Do Edit > Special Characters and click on the gear wheel at the top left, select Customize and check the box for Greek. Double click or drag drop to input.


Go to system prefs/language & text/input sources and check the box for Greek, plus the box for Show Input Menu in Finder. Then select Greek from the "flag" menu at the top right of the screen and type.


Symbol fonts that produce Greek when you type Latin are obsolete junk and you should not use them if you happen to find one.

Sep 2, 2013 9:39 AM in response to Bob Novy

It would be nice if you could re-assign the option+key (e.g. option + a = alpha), but I haven't found a way. What I have done instead is do as Tom said, then just map a keyboard shortcut to change between inputs (I'm using ctrl+space):


Setup keyboard shortcut: "system preferences->keyboard->input Sources->Language" then enable the "select previous input source" (last one on my list), change the shortcut as needed.

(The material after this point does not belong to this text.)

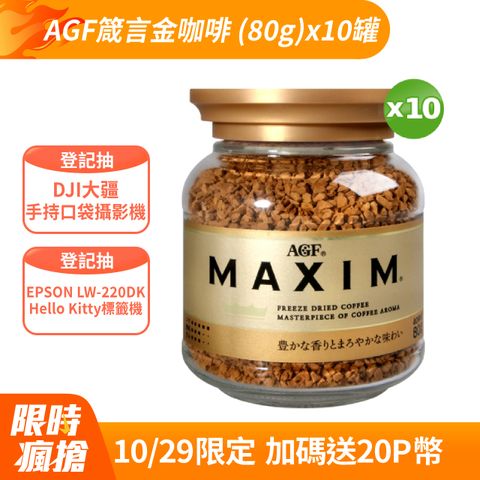 AGF 箴言金咖啡 (80g)x10罐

Though (as you might know?) for a few of them, you already have dedicated shortcuts (just not all the ones I need, but you might be lucky?):


Greek

16 ∂ Option-D (Delta) )

17 ∆ Option-J (Delta)

18 µ Option-M (Mu)

19 π Option-P (phi)

20 ß Option-S (beta

21 Ω Option-Z (Omega)

22 ∏ Option-Shift-P (phi)

Found here: http://modmyi.com/forums/mac-tips-tricks-mods/328131-100-mac-keyboard-shortcuts- creating-symbols.html)


Cheers,

W

Sep 11, 2013 8:19 AM in response to 2352

Thank you, Tom Gewecke out in far-from NC, Scottsdale, AZ. Still, I wonder why Apple no-longer provides a Proper Symbol font?


On my iMac with System OS X v10.8.4, what Apple calls Symbol is just Arabic (regular a-z & A-Z) in what looks like Helvetica font. What mis-advertising! I would Expect better from Apple than this. Apple has regressed, yes?


Still were I a skeptic, I would think that a Greek font is something that Apple plans to release in-the future, again. Upgrade = More Money! :-(


So I thank goodness that _I_ don't use Greek font, today. But I remember when I did.


In Graduate School, I relied on Troff, the word processor on the UNIX Operating System. Through more than 5-years of study at the University of Minnesota, I wrote my PhD thesis with Troff, finishing in 1990. :-)

Sep 11, 2013 9:14 AM in response to Bob Novy

Bob Novy wrote:


Apple has regressed, yes?


No, Apple has progressed, and the other way is stuck in the 1990's. Everyone should be using Unicode, where Greek characters have their own code points. Fonts like the old Symbol which map Greek to Latin codepoints are obsolete and hopefully will disappear. Apple's Symbol font puts things where they are supposed to be under the agreed international standards.


It is really unfortunate that we have so much legacy data which was done the old way....Apple could provide a second "improper" Symbol font to help people deal with that, but has chosen not to.

How do I type Greek?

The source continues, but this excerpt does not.